走出公务局的审讯室,薇儿似如梦初醒,重复了一遍这已记录在案宗上的内容,脸上错愕不减,似乎刚刚经历的只是一场玩笑。
她回想起之前见到的光景,顿时一阵反胃:“那种场面——实在是。”
残肢和血液,均匀地涂抹在视野的各个角落。
所见无非鲜红之色......
锋利的凶器落在中央。
而本应洁白的天花板上,
凄厉的血字被勾勒。
——似乎在嘲笑着来者。
“杰克医生,也就是这么被凶手......”薇儿双拳紧握。
作为从大教堂,那尸山血海中走出的青年,凌霄峥倒是镇定许多,他惭愧地摇摇头:“杰克医生一直提醒调查这事有极大的危险。”
“我们因实力而不惧,反倒是忘了提醒他:让凶手找到了可乘之机。这实在是我们的过错。”
相陪的记录员劝慰:“两位不必这样,再怎么说错的一定是凶手,可能不过多久,我们公务局就会给受害者们一个交代的!”
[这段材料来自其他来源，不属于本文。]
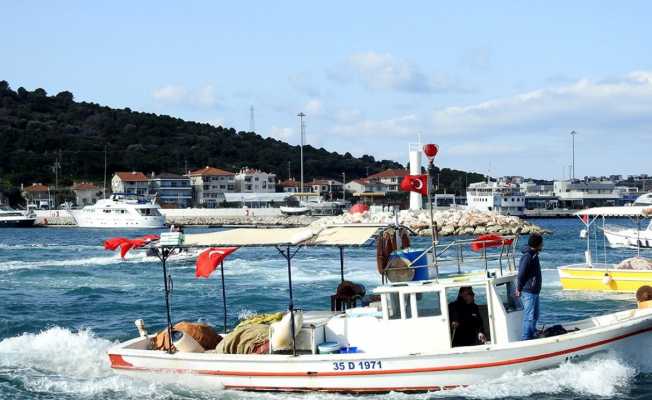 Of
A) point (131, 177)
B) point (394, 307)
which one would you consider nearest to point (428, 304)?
point (394, 307)

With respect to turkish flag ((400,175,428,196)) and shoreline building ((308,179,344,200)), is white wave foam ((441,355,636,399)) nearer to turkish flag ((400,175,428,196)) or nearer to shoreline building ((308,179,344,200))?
turkish flag ((400,175,428,196))

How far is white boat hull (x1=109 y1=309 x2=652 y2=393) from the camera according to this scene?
1466 centimetres

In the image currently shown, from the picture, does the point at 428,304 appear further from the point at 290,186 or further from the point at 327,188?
the point at 327,188

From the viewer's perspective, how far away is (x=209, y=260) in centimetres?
1611

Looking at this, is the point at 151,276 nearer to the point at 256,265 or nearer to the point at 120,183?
the point at 256,265

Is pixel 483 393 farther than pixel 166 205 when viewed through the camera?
No

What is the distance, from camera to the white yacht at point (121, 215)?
4139 inches

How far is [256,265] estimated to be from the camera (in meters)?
45.2

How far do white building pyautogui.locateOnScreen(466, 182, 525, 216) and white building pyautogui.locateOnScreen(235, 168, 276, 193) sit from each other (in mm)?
37801

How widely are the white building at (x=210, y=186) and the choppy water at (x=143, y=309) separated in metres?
90.3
薇儿闻言只是叹息:“但到现在,只有遇害者的数量在增加。”
几人默然,继续沿着长廊行进。
一名匆忙的文员路过,打了声招呼:
“几位,最好先别往那里去啊。”
“发生什么事——”
未等问个明白,走廊的那头传出激烈的冲突声:
“大少爷!做官游戏到此为止!我不想再重复第二遍了,现在,立刻,带着你的那些玩意儿出去!”蓄着络腮胡的中年盯着与他相对的纨绔青年,平静道。
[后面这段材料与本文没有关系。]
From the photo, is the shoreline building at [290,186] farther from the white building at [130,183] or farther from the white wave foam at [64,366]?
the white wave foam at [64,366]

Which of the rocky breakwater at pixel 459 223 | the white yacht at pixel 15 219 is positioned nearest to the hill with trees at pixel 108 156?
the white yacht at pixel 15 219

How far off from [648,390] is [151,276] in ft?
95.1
普顿破口大骂:“你是什么东西?本少爷可是城主之子,在这里还是被钦定的公务局副局!”他头上花花绿绿的装饰随之摆动,活脱脱像只战斗鸡。
“你个不长眼的凭什么命令......”
话音未落,中年掏出一个小钟,毫不客气地砸在对方脑袋上:悠扬钟声随之响起,一听就是个好脑袋。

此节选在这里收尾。